En el quehacer rutinario de los estudiosos de la naturaleza destaca una actividad clave: la clasificación de entidades como rocas, plantas, cristales, cortejos sexuales, tejidos orgánicos, suelos... Clasificar una colección de objetos es separarlos en grupos distintos, o taxones, cuyos integrantes tienen algo en común. Pero al hacerlo hay que tener especial cuidado en:

  • Delimitar claramente cuál es el conjunto que vamos a clasificar.

  • Que todos los taxones contengan, al menos, un miembro del conjunto.

  • Que ningún miembro del conjunto quede “fuera” de la clasificación; es decir, que todos estén incluidos en algún taxón, y solo en uno.
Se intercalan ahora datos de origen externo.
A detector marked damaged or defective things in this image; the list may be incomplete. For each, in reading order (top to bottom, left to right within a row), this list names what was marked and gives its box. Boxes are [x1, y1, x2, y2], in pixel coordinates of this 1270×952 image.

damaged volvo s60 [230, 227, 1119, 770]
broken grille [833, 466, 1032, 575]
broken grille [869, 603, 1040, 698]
Puesto que la naturaleza presenta tan gran variedad de formas, al clasificarlas podemos hablar ordenadamente sobre ellas, estudiarlas mejor, proponer hipótesis sobre su origen o constitución con más facilidad. Incluso nos atreveríamos a decir que toda teoría se fundamenta en una clasificación.

Podría parecer que la afirmación anterior insinúa que los científicos han de dedicarse, antes que nada, a observar minuciosamente la naturaleza y a organizar los datos en clasificaciones que reflejen el orden “real” de las cosas; luego vendrá la hora de teorizar y de articular esos descubrimientos en una nueva interpretación del mundo. Todo investigador trabaja con una teoría previa, inevitablemente influidas por el contexto social y cultural de sus autores, que sugiera qué observar, qué datos interesan reunir y clasificar e incluso cómo diseñar experimentos.